Data for review:

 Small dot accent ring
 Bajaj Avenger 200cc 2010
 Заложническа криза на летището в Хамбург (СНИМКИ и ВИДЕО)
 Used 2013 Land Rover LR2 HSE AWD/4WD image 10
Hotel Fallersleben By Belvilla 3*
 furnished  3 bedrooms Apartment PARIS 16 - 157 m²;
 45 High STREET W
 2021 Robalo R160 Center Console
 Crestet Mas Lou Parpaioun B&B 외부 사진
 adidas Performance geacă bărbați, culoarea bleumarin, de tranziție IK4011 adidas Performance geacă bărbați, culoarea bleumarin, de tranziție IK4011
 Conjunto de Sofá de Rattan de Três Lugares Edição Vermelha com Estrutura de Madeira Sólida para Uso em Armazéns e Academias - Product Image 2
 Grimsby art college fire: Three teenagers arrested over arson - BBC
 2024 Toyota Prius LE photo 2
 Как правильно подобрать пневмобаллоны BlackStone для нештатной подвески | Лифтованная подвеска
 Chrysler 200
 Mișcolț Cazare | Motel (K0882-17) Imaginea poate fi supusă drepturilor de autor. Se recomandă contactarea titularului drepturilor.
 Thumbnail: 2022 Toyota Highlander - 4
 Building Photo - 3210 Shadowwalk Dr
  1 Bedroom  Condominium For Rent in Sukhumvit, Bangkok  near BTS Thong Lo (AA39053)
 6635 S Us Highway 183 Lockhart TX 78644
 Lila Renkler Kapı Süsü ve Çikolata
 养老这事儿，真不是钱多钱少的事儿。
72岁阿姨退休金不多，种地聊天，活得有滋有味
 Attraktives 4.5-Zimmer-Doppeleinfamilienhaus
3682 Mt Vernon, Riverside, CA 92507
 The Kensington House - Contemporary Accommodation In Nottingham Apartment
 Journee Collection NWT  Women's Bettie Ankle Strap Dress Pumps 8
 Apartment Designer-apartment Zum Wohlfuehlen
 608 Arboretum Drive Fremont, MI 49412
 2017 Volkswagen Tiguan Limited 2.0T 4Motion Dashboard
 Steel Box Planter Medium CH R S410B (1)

Requirement:
Would you retype the lines above from the one with "Как правильно подобрать" down to the one with "72岁阿姨退休金不多，种地聊天，活得有滋有味", word for word, both ends included and no other lines?

Task response:
 Как правильно подобрать пневмобаллоны BlackStone для нештатной подвески | Лифтованная подвеска
 Chrysler 200
 Mișcolț Cazare | Motel (K0882-17) Imaginea poate fi supusă drepturilor de autor. Se recomandă contactarea titularului drepturilor.
 Thumbnail: 2022 Toyota Highlander - 4
 Building Photo - 3210 Shadowwalk Dr
  1 Bedroom  Condominium For Rent in Sukhumvit, Bangkok  near BTS Thong Lo (AA39053)
 6635 S Us Highway 183 Lockhart TX 78644
 Lila Renkler Kapı Süsü ve Çikolata
 养老这事儿，真不是钱多钱少的事儿。
72岁阿姨退休金不多，种地聊天，活得有滋有味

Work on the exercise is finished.